As "Meathead" declared, once the glamour of being with UFC wears off, fighters begin to see that looking at other options isn't so bad. It's something he says a lot of people will likely learn the hard way, as they've been brainwashed to think UFC is the end all, be all in MMA.

"Some people are so brainwashed. They say, 'How dare you think about business like that?' If you cite money, you're a greedy pig. If you cite anything else, you're a scared p---y. It's crazy. The thing is, the UFC has become bigger than the sport, and what's bad about that is so many people want to be in the UFC that everyone else is an afterthought. There are guys in smaller organizations that their only goal is 'I want to go to the UFC.' And I'll tell them there might be more money in another place. And they'll say, 'It doesn't really matter. That's my goal.' But once people get to the UFC, they might get the disenchantment of what's going on. If you're a veteran in the UFC, you'll see it. Being famous and being in the UFC doesn't do you any good if you can't capitalize on it and monetize it realistically. It's not feasible for the most part. They took so much money from us and so much revenue-earning potential from us, it changed the entire landscape of everything. I don't understand why anyone would re-up with the UFC unless they're still caught up in the glamour of being in the UFC."

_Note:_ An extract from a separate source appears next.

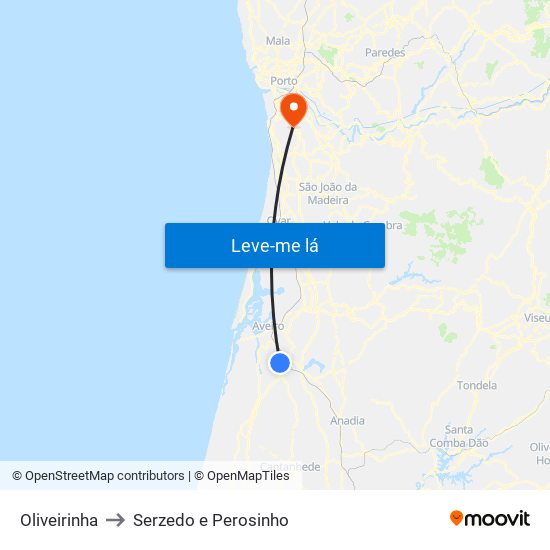 Oliveirinha to Serzedo e Perosinho map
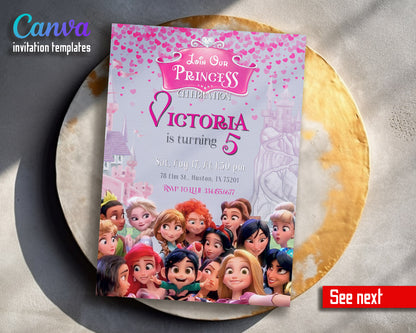 Disney Princess  customizable invitation template | Share or Print | girl | YO473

To hear more from Mittrion's perspective, click here to see what he told just a few weeks ago regarding his decision to leave UFC.

For Ben Henderson, meanwhile -- who left UFC last year to sign with Bellator -- he says he was treated well by UFC for the most part. But, at the end of they day, he needed to secure a bigger, more steady payday for him and his family. And though he was the recipient of a few locker room bonuses, it's something that is not guaranteed.

"When you talk about backroom bonuses and discretionary bonuses, they're awesome, they're cool, but it's not a steady salary, it's not promised. Some guys never get a bonus. It's all at the whim of the higher-ups. And you shouldn't have a problem paying your mortgage because of the whim of the higher-ups, because they didn't feel your fight was worthy of a bonus. That struck me as wrong. It's not right at all. Fighters are professional athletes. As much as we sacrifice, we shouldn't have to live hoping that we get a bonus, hoping that we did enough to impress them."

Sure, some have stayed loyal to UFC -- even if their loyalty has cost them millions of dollars -- and there are a select few who rake in the big bucks, as evidenced by this record-setting payroll for UFC 196. However, those types of paydays aren't the norm, as most fighters make a small percentage of the high salaries the likes of Conor McGregor, Ronda Rousey and Holly Holm command.

That's why you shouldn't be surprised if Bellator MMA has a roster full of ex-UFC fighters looking to make the most of their remaining time in the sport in the coming years.